Filter the entries below down to the lines that hold "view".
---
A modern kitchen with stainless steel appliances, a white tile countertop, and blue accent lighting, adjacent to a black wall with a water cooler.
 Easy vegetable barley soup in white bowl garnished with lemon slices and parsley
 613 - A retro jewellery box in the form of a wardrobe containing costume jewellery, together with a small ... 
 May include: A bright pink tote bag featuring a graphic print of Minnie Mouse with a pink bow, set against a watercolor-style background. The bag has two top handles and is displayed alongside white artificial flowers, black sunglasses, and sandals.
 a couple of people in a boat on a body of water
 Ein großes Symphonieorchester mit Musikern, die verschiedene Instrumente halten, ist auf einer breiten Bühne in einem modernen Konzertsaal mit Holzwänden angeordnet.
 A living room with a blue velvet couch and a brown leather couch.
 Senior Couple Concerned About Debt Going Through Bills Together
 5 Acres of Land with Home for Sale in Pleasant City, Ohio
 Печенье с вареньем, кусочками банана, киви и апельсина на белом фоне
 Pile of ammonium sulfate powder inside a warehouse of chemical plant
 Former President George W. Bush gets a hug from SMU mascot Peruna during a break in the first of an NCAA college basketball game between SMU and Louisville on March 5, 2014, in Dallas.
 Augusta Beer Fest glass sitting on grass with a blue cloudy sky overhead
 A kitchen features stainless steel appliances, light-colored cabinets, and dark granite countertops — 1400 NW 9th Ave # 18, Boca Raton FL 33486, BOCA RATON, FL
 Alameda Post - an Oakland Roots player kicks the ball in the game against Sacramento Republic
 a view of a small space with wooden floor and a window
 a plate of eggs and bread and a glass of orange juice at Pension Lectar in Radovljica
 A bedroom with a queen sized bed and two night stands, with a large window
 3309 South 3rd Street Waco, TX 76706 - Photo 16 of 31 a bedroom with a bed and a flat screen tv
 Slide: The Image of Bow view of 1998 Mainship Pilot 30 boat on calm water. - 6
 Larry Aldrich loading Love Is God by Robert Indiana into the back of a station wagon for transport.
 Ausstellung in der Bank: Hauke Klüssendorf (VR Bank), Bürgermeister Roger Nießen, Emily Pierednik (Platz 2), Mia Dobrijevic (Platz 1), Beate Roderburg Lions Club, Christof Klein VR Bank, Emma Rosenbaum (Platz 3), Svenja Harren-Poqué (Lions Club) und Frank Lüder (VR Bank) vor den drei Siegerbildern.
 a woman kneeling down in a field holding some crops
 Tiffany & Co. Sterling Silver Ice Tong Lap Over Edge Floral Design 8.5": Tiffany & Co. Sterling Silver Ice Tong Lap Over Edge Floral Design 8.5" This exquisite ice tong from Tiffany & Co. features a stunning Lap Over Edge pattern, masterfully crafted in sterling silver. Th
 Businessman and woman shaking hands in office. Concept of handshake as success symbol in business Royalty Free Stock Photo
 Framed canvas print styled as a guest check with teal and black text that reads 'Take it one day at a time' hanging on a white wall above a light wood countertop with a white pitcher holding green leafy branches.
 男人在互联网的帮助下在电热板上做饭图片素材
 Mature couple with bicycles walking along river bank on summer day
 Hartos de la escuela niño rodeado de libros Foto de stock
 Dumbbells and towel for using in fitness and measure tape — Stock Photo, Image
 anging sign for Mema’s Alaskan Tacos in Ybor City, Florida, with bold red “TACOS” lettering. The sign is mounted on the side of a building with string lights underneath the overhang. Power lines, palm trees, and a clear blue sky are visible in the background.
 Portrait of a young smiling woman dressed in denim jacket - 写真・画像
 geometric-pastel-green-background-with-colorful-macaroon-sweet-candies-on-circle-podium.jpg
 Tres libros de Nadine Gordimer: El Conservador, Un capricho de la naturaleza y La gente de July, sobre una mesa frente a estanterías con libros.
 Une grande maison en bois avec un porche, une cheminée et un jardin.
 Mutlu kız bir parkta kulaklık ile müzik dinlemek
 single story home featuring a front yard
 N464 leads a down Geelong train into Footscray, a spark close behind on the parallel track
---
* **ANSWER TO THIS PROBLEM**
 a view of a small space with wooden floor and a window
 Slide: The Image of Bow view of 1998 Mainship Pilot 30 boat on calm water. - 6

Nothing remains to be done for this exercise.